# Is the Epson Stylus NX 110 or the HP Deskjet 3050 capable of producing quality sublimation prints?



## apebeast (Sep 10, 2014)

Hello,

I am looking to apply sublimation to my heat transfer workflow aside from vinyl cutting. I am wondering if anyone else in the forum had used the Epson Stylus NX 110 or the HP Deskjet 3050 printers for sublimation. If so, are they capable of producing quality sublimation prints?

Also, where should I get inks for the printers? I heard Cobra Ink Systems is a good one for inks as well as Epson is good for sublimation paper.

Can anyone in the forum please confirm this?

Thanks,
apebeast


----------



## mgparrish (Jul 9, 2005)

apebeast said:


> Hello,
> 
> I am looking to apply sublimation to my heat transfer workflow aside from vinyl cutting. I am wondering if anyone else in the forum had used the Epson Stylus NX 110 or the HP Deskjet 3050 printers for sublimation.

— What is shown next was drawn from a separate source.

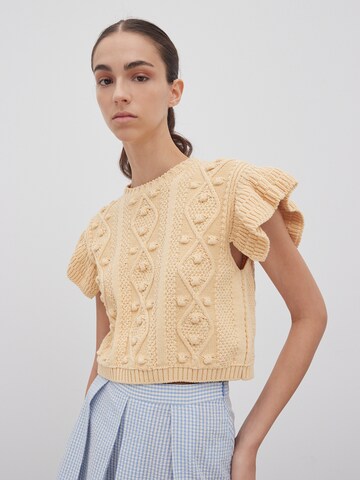 Pull-over 'Evi' EDITED en beige : devant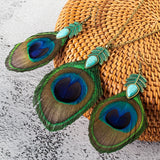 Green Leaf Tassel Earrings Nature Stone Long Peacock Feather Women Brincos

If so, are they capable of producing quality sublimation prints?
> 
> ...


 The Epsons desktops are all piezo inkjets and capable of sublimation. But you should choose an Epson model were you get ICC profile support. 

HPs and Canon use heat to transport the inks, can't use them.

While Epsons matte presentation paper can work for sublimation, best to get papers from your ink supplier till you know what you are doing.

I use Cobra inks and happy, they don't cover the Epson model you mentioned, but they might do a custom profile for that.


----------



## apebeast (Sep 10, 2014)

mgparrish said:


> The Epsons desktops are all piezo inkjets and capable of sublimation. But you should choose an Epson model were you get ICC profile support.
> 
> HPs and Canon use heat to transport the inks, can't use them.
> 
> ...



I'm sorry, but I am unsure what you mean by ICC profile support. Could you please elaborate?

Thanks,
Nicu


----------



## mgparrish (Jul 9, 2005)

apebeast said:


> I'm sorry, but I am unsure what you mean by ICC profile support. Could you please elaborate?
> 
> Thanks,
> Nicu


 A couple of reasons for the profiles.

1. The inks are not the same as the original inks that the printer was designed for.

2. Sublimation dyes don't reveal their true colors until heat pressed, the don't "develop" just on printed paper during the printing process.

This link may explain further.

Information Station - Sublimation - Basics of Sublimation


----------



## apebeast (Sep 10, 2014)

mgparrish said:


> A couple of reasons for the profiles.
> 
> 1. The inks are not the same as the original inks that the printer was designed for.
> 
> ...


Thanks Mike! Looks like i'd have to test them out myself.

Best,
Nicu


----------